▼
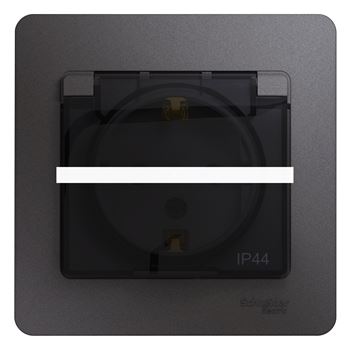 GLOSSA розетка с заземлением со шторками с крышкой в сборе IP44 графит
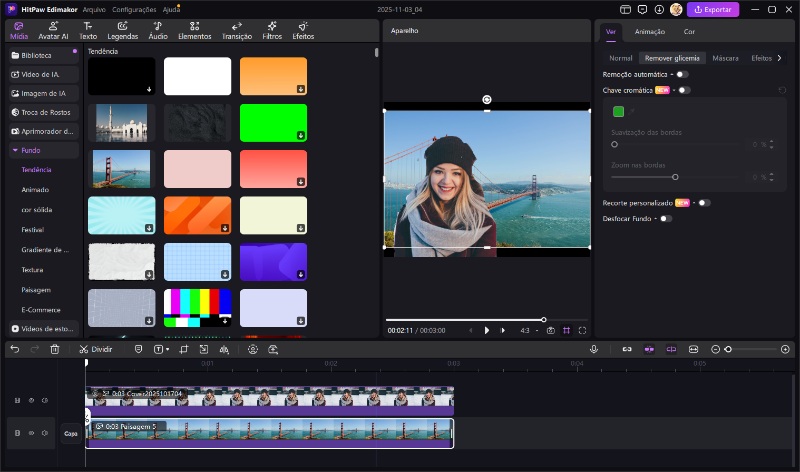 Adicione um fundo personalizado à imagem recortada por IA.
▲
▼
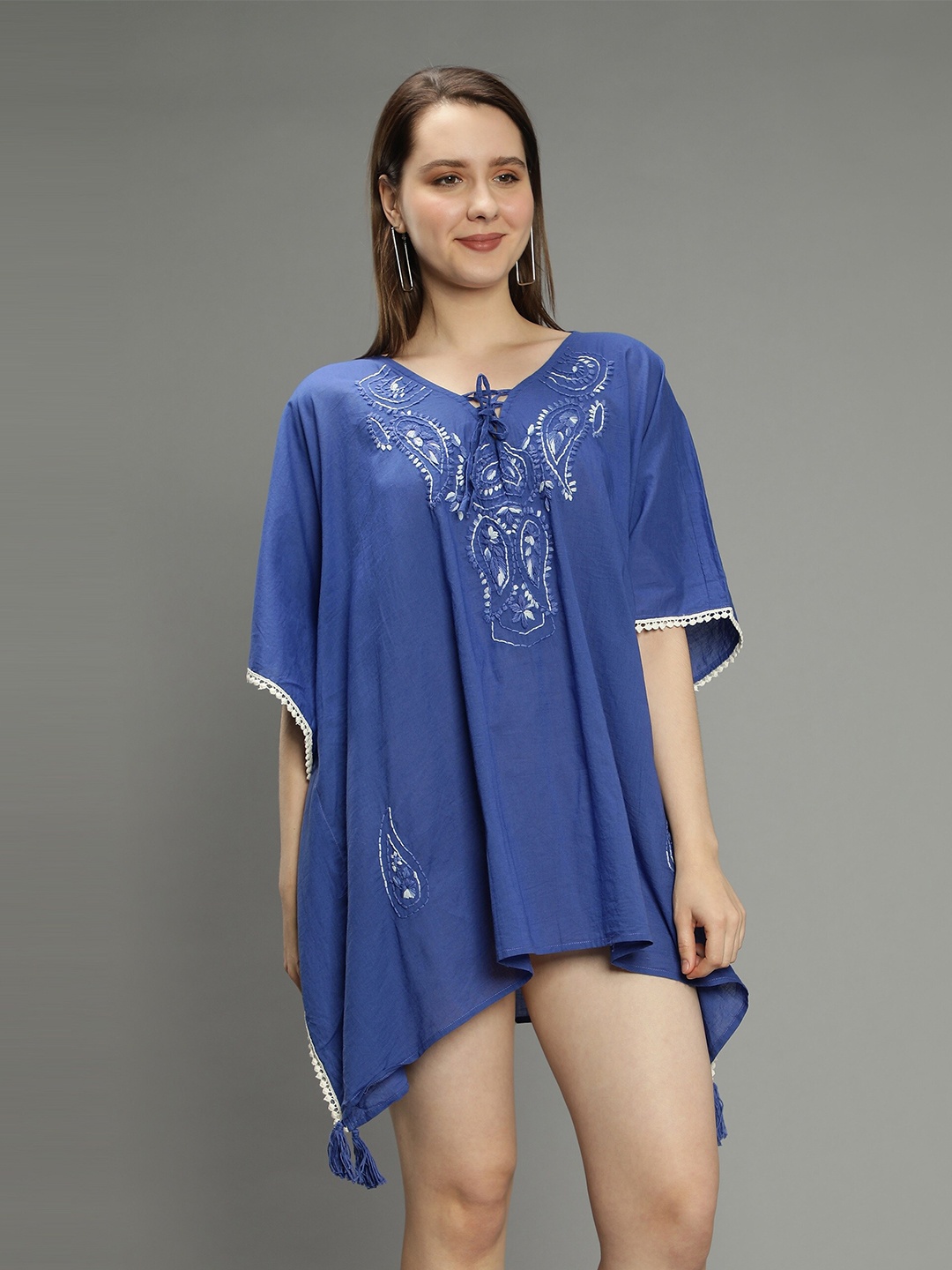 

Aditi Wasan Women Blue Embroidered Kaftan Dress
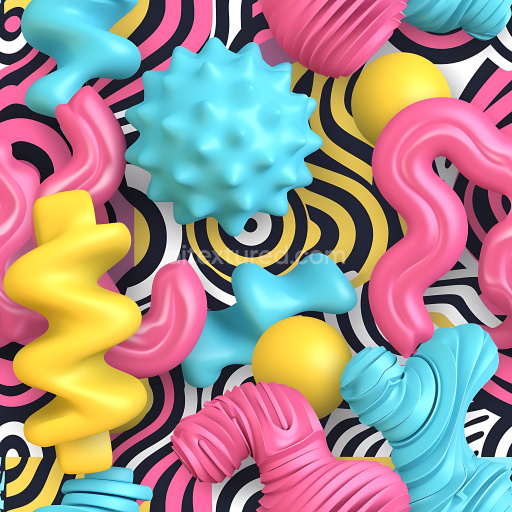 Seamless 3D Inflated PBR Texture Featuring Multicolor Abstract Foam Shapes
▲
(Directions):
From the material above, give again exactly the lines from the one that contains "Aditi Wasan Women" through the one that contains "Seamless 3D Inflated", and leave out the pictures.

(Task result):
Aditi Wasan Women Blue Embroidered Kaftan Dress
 Seamless 3D Inflated PBR Texture Featuring Multicolor Abstract Foam Shapes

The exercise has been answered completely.